### What you will do
Print every entry below exactly, leaving out the pictures.
------------------------
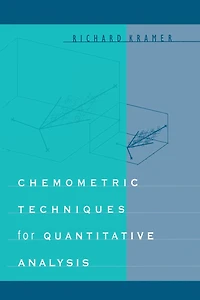 Chemometric Techniques for Quantitative Analysis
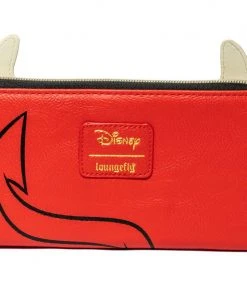 Quantum Collectibles Loungefly Devil Donald GITD Wallet US Exclusive Preorder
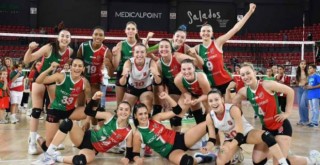 Kaf Kaf filede Vakıfbank'a konuk oluyor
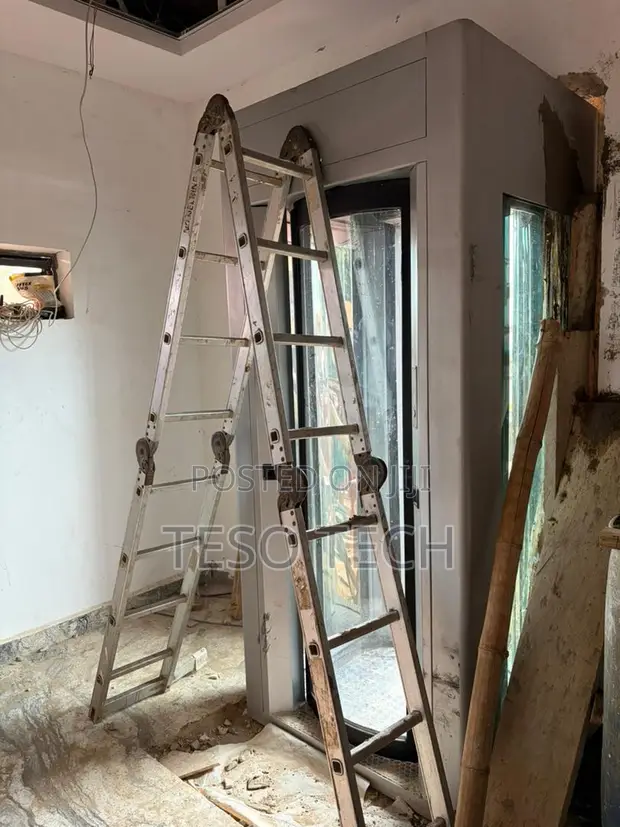 Modern Mantrap Security Doors for Maximum Security - 1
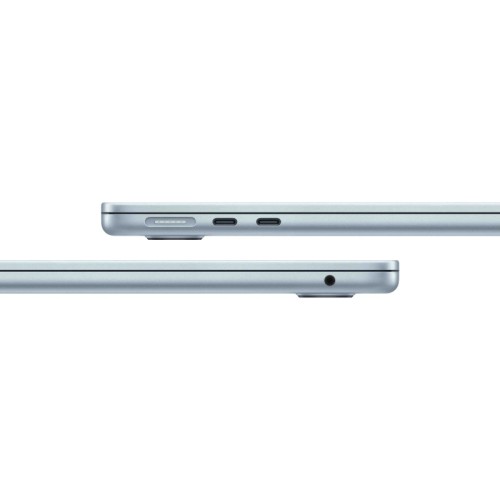 Ноутбук Apple MacBook Air 13.6" (M5, 32 ГБ, 1 ТБ SSD) Небесно-голубой (Z1LB000NC) - изображение 4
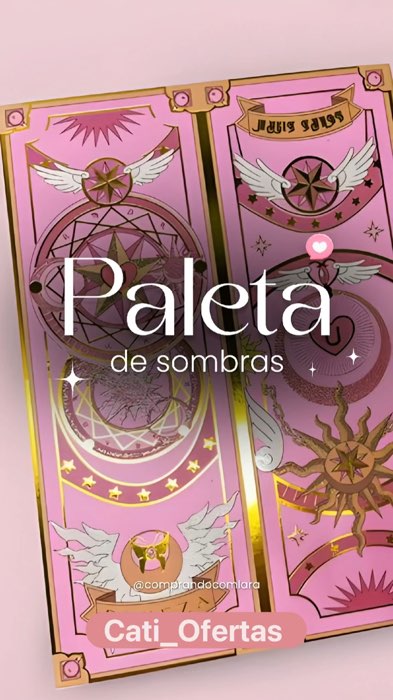 Paleta de Sombras de Olhos #paletadesombra #sombrasolhos #sombras #maquiagem #maquiadora #fy #acheinashopee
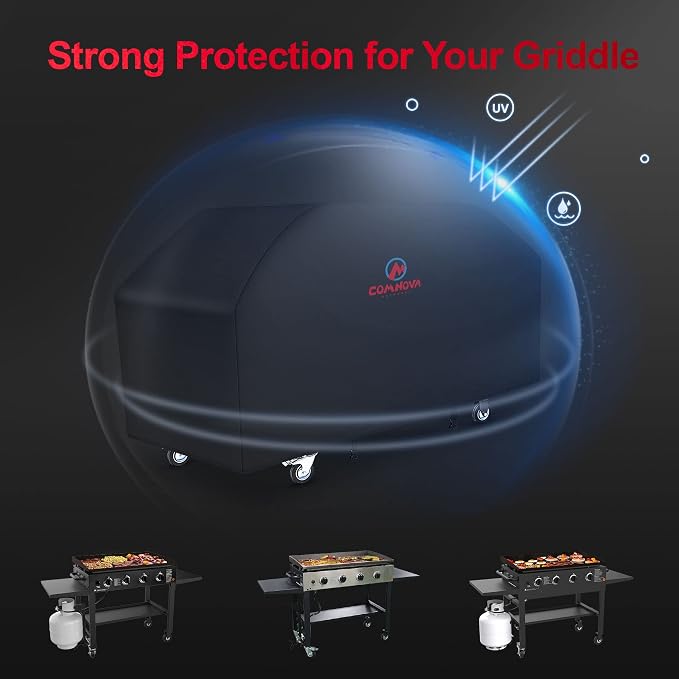 Comnova Griddle Cover for Blackstone 36 Inch - Image 7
------------------------
### Exercise output
 Chemometric Techniques for Quantitative Analysis
 Quantum Collectibles Loungefly Devil Donald GITD Wallet US Exclusive Preorder
 Kaf Kaf filede Vakıfbank'a konuk oluyor
 Modern Mantrap Security Doors for Maximum Security - 1
 Ноутбук Apple MacBook Air 13.6" (M5, 32 ГБ, 1 ТБ SSD) Небесно-голубой (Z1LB000NC) - изображение 4
 Paleta de Sombras de Olhos #paletadesombra #sombrasolhos #sombras #maquiagem #maquiadora #fy #acheinashopee
 Comnova Griddle Cover for Blackstone 36 Inch - Image 7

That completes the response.